[Internal dialogue]
“Is this your first Datathon hike? The Melbourne Datathon 2018 will be my second.”
“No, I’m a newbie to Data Science but an oldie in Computer Science, so it balances out. Anyway, I always learn more when I don’t have too many prejudices and expectations.”
“Stop talking. Lets’ get on our way to climbing to the summit.”
[Full disclosure: Picture isn’t mine]
Chapter 1: Climbing to the summit
Good company in a journey makes the way seem shorter. — Izaak Walton
I’ve tried to climb to the summit before but time got the better of me. Always one or the other, time or energy, runs out. So I’ve learnt a few things from the past. Keep the body light, the pace steady, and find company that keeps up (or tells you to keep up).
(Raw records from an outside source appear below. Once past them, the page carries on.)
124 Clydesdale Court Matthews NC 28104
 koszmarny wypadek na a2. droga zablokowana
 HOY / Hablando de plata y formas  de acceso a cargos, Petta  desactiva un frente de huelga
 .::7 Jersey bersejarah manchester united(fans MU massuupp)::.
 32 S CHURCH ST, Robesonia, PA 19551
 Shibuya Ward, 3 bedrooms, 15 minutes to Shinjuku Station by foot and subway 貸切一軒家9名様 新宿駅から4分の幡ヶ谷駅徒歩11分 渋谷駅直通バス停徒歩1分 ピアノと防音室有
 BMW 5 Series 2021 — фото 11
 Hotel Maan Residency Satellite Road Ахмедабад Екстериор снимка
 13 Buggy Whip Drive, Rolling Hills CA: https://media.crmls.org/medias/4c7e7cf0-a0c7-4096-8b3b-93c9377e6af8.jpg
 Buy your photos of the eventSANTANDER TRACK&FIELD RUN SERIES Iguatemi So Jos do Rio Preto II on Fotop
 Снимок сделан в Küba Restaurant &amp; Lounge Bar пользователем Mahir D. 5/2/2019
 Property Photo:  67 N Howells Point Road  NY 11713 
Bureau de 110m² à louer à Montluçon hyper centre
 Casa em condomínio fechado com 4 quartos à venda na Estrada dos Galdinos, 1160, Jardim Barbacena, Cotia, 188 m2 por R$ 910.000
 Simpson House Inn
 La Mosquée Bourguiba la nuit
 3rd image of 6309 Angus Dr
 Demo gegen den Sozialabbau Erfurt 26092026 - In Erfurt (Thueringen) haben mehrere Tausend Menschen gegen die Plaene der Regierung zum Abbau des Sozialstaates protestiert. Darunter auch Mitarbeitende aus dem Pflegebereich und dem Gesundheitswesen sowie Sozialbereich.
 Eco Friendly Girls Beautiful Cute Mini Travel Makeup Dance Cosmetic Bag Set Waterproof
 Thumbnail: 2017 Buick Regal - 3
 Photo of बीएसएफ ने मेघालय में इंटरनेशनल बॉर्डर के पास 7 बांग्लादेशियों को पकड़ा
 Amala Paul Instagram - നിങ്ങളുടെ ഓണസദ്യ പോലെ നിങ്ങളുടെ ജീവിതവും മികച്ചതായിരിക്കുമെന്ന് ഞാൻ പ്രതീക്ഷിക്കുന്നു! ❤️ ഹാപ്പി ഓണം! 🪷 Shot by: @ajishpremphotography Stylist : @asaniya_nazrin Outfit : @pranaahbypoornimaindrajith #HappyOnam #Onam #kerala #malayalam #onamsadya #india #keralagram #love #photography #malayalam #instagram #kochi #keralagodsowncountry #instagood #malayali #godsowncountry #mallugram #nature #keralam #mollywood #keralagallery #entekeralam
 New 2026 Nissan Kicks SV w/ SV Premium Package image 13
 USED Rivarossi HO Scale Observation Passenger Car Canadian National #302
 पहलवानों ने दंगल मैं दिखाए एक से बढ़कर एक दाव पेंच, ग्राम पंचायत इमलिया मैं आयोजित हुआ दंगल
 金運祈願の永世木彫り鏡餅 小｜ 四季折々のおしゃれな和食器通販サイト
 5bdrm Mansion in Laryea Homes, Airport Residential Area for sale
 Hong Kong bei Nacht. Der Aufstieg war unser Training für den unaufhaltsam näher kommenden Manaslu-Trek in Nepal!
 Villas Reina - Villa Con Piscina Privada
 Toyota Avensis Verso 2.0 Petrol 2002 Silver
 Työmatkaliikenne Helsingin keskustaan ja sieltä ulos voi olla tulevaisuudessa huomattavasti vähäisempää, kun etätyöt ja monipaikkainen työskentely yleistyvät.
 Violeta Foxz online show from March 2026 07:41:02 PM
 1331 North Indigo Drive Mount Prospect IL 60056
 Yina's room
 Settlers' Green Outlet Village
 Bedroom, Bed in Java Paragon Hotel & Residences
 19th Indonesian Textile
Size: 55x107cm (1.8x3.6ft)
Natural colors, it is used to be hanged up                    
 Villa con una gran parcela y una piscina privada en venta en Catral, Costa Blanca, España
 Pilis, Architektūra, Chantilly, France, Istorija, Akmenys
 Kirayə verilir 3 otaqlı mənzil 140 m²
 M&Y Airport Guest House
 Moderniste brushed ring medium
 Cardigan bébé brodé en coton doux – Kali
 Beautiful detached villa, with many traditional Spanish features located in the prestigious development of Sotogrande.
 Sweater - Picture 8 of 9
So, I’ve set out to Base Camp where I have provisioned some useful tools for the trip:
- Google Cloud. While nothing replaces bare metal/plastic for responsiveness, nothing scales with more data than the cloud. Not caring what machine has my data and how its configured is a load off my mind. I’m not vendor-biased, though, so I used Azure last year and next year I’ll use Amazon (I would have used them this year if I had known about the credits :-()
- Datalab instance. Google’s Data Science Virtual Machine instance deserves a separate point because it provides a standard Jupyter notebook environment for data hacking in python and communicates with the rest of the ecosystem.
- PANDAS. Python’s go to library for data hacking. Before this datathon, I only knew the black and white variety.
- Hackday events. Locked away on my calendar as milestones on the journey.
- Reading widely. Broaden the material to inspire your research.
- Coffee. Enough said.